[Extracted records]
+++
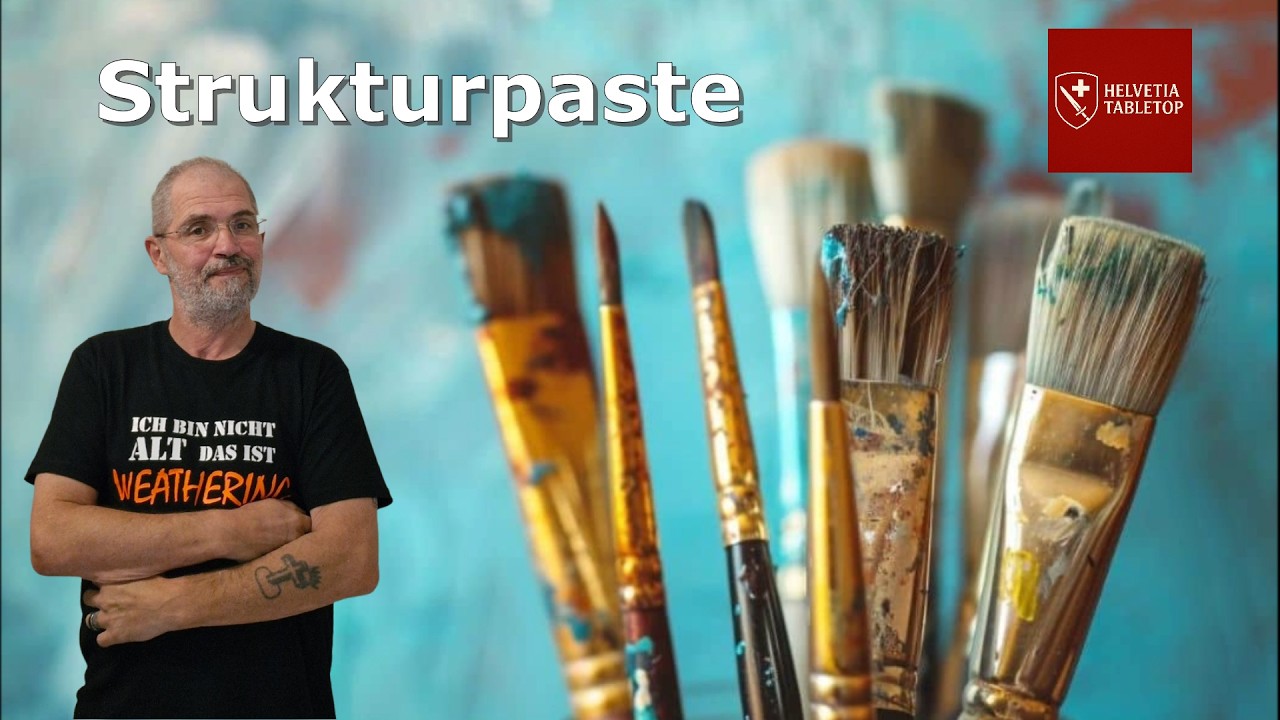 Tutorial, Strukturpaste, Helvetia Tabletop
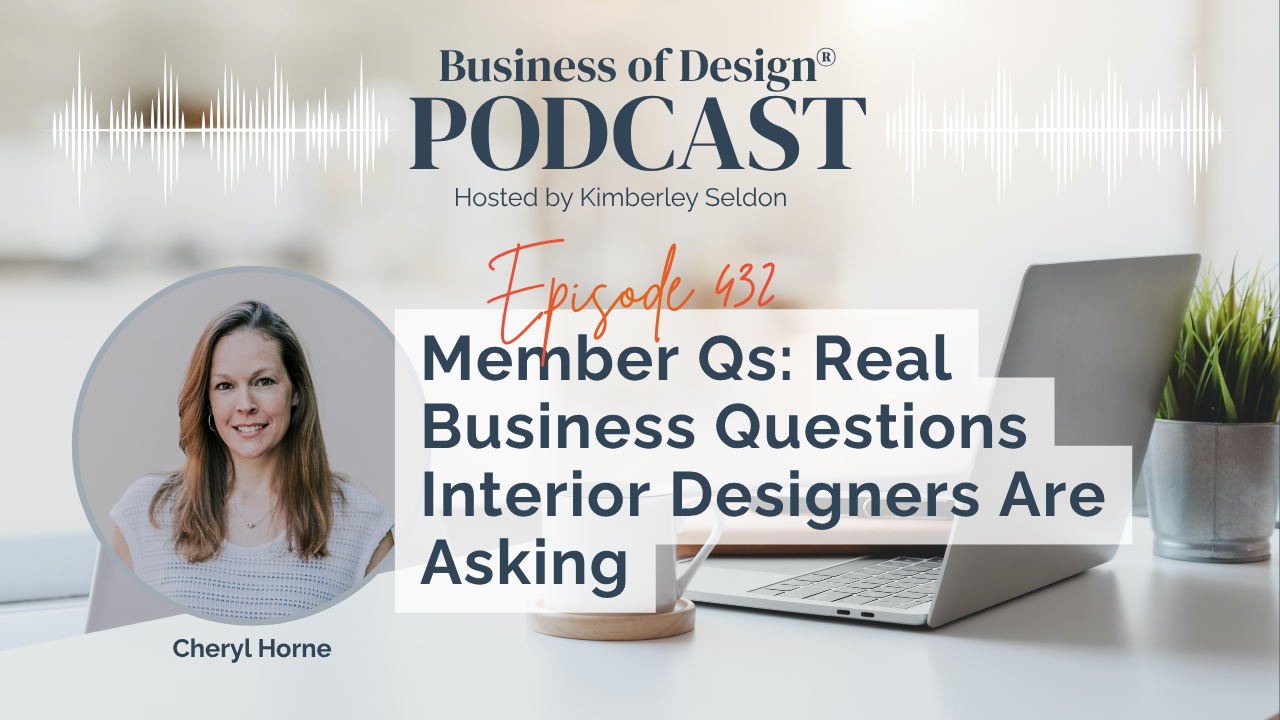 Real Business Questions Interior Designers Are Asking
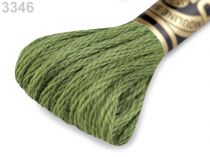 Textillux.sk - produkt Vyšívacia priadza DMC Mouliné Spécial Cotton - 3346 Online Lime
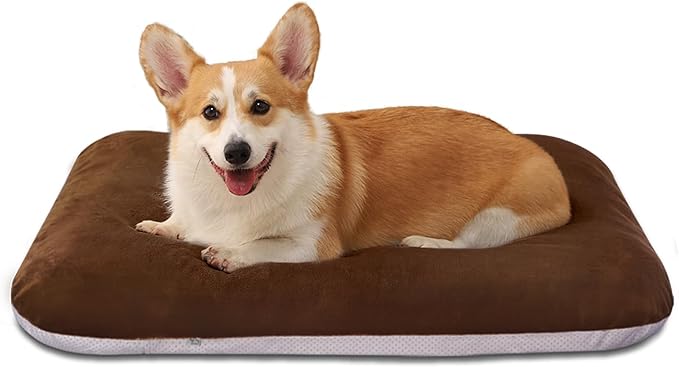 Magic Dog Super Soft Large Dog Bed Pad Mat Orthopedic Pet Beds 30 Inch Washable by MagicDog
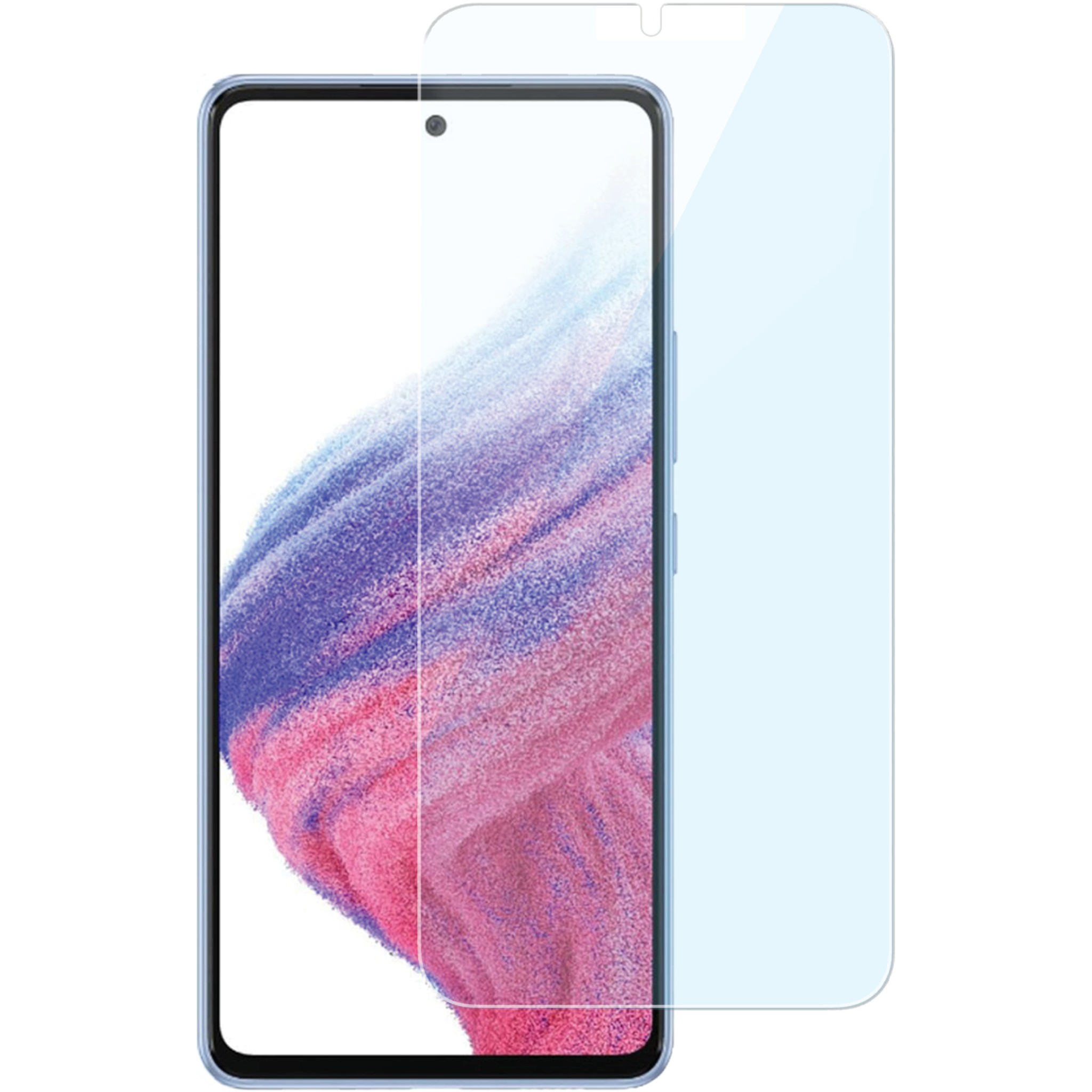 Zaštita za ekran MOBEEN Tempered Glass fr Galaxy A26 5G Transparent-0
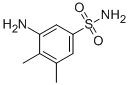 3-Amino-4,5-dimethylbenzenesulfonamide Structure,101251-33-6Structure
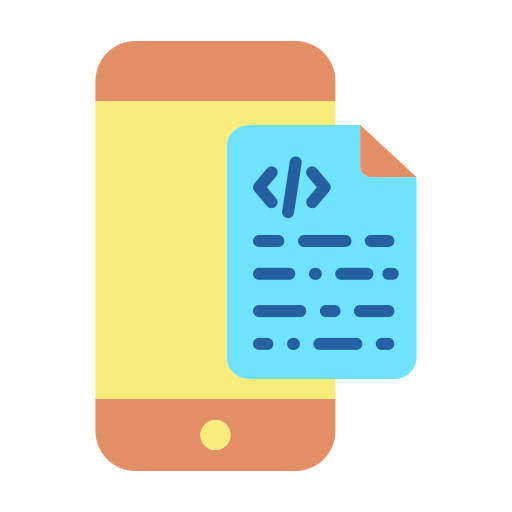 Coding icône
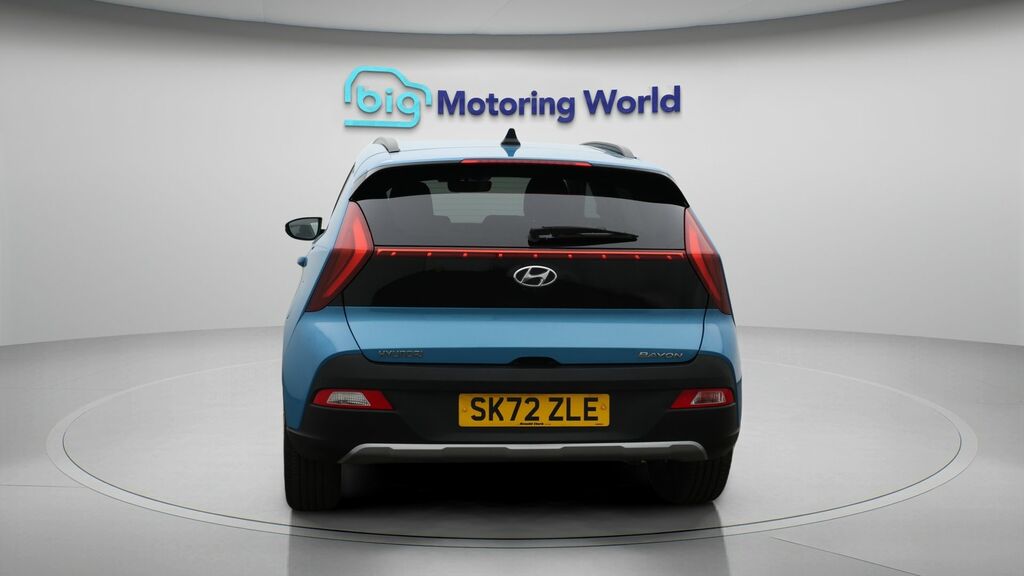 Hyundai Bayon Premium Blue #6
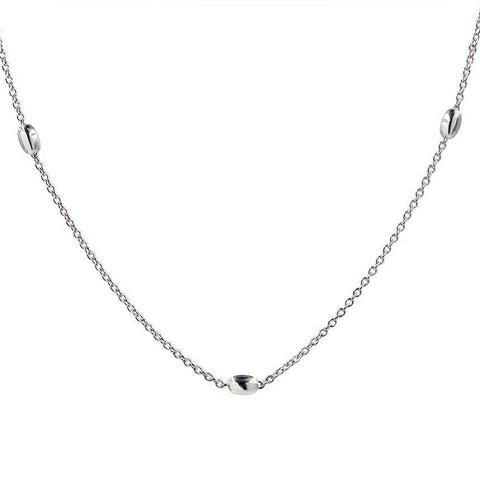 Seed Chain Necklace 18"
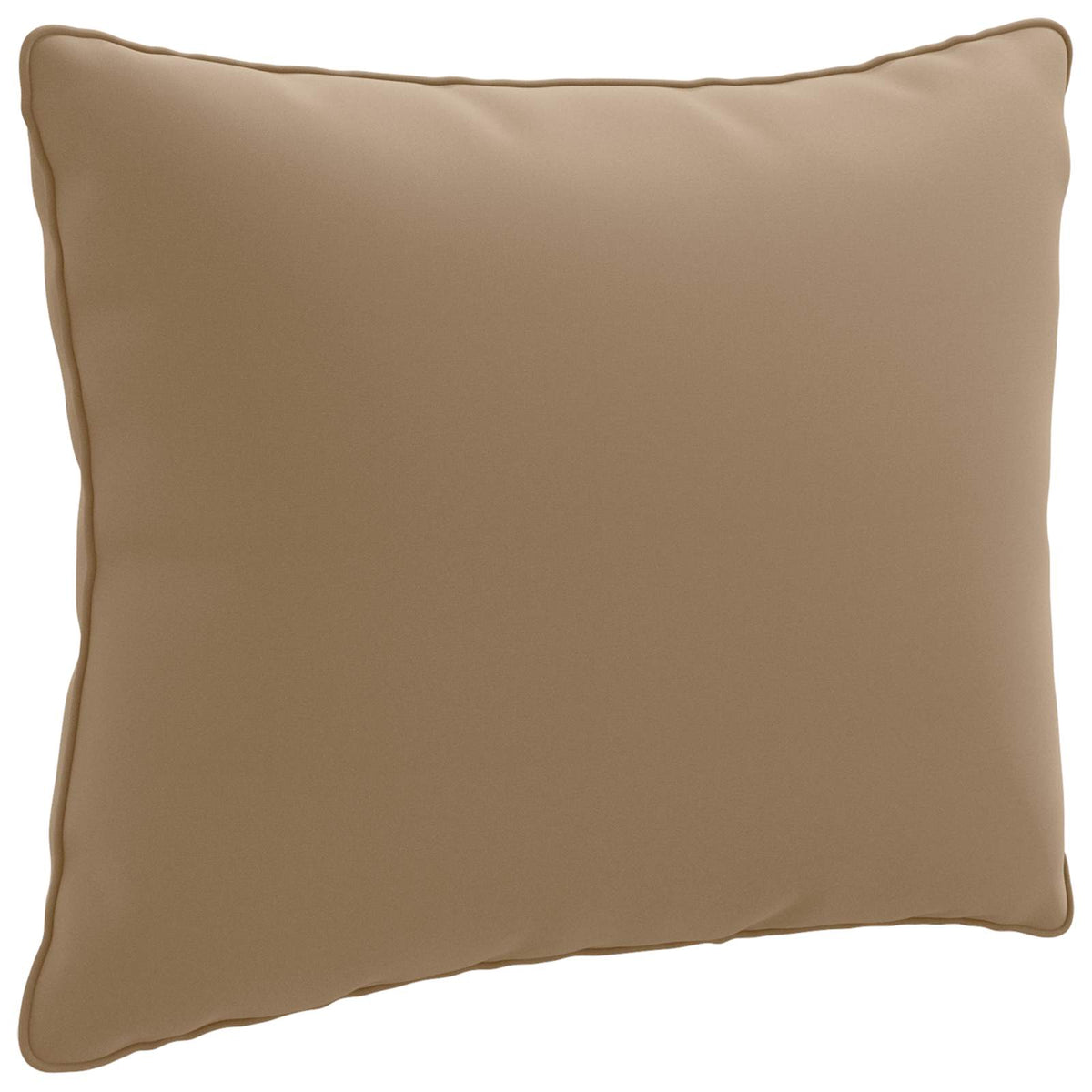 1-delte rygpuder PUTTEN 100% polyester Gråbrun 60 x 40 x 15 cm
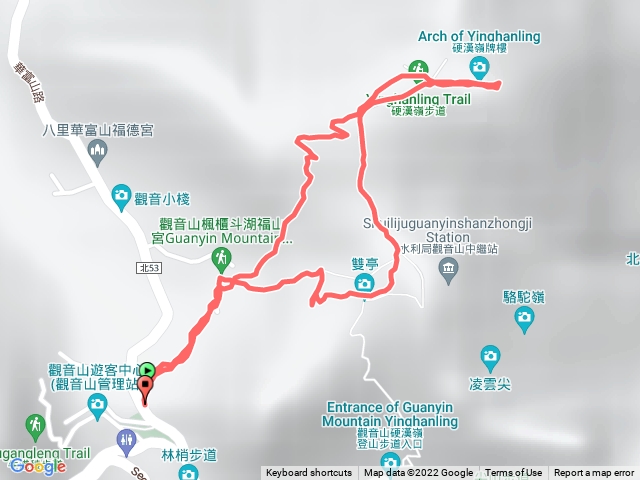 觀音山 | 硬漢嶺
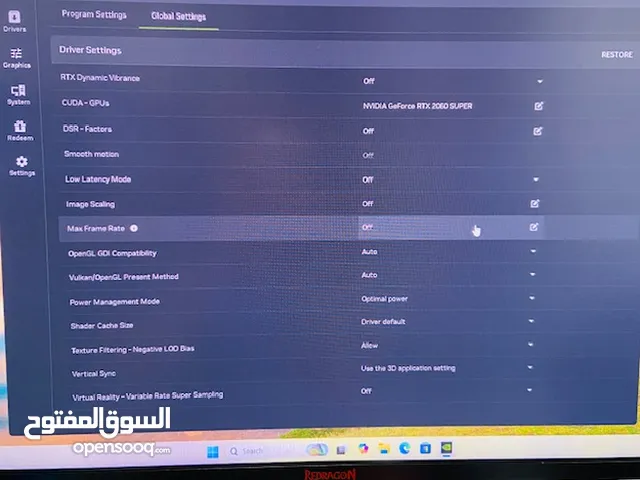 Gaming PC i5-12 Gen 2060S-8GB With Monitor 27" 165HZ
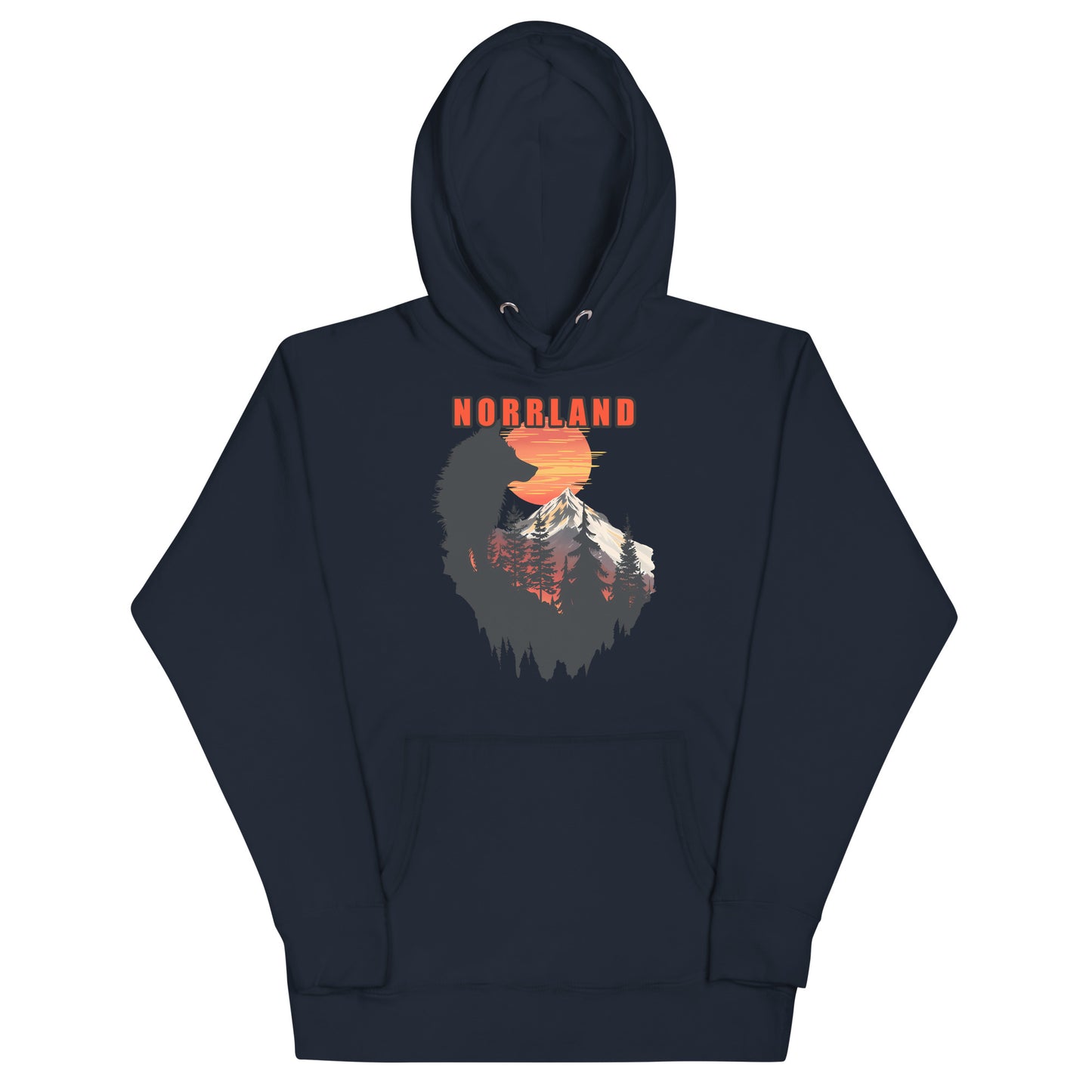 Vargens Rike - Hoodie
+++
Quote every line of the records above exactly; no picture is to be copied.

*Solution to the exercise*
 Tutorial, Strukturpaste, Helvetia Tabletop
 Real Business Questions Interior Designers Are Asking
 Textillux.sk - produkt Vyšívacia priadza DMC Mouliné Spécial Cotton - 3346 Online Lime
 Magic Dog Super Soft Large Dog Bed Pad Mat Orthopedic Pet Beds 30 Inch Washable by MagicDog
 Zaštita za ekran MOBEEN Tempered Glass fr Galaxy A26 5G Transparent-0
 3-Amino-4,5-dimethylbenzenesulfonamide Structure,101251-33-6Structure
 Coding icône
 Hyundai Bayon Premium Blue #6
 Seed Chain Necklace 18"
 1-delte rygpuder PUTTEN 100% polyester Gråbrun 60 x 40 x 15 cm
 觀音山 | 硬漢嶺
 Gaming PC i5-12 Gen 2060S-8GB With Monitor 27" 165HZ
 Vargens Rike - Hoodie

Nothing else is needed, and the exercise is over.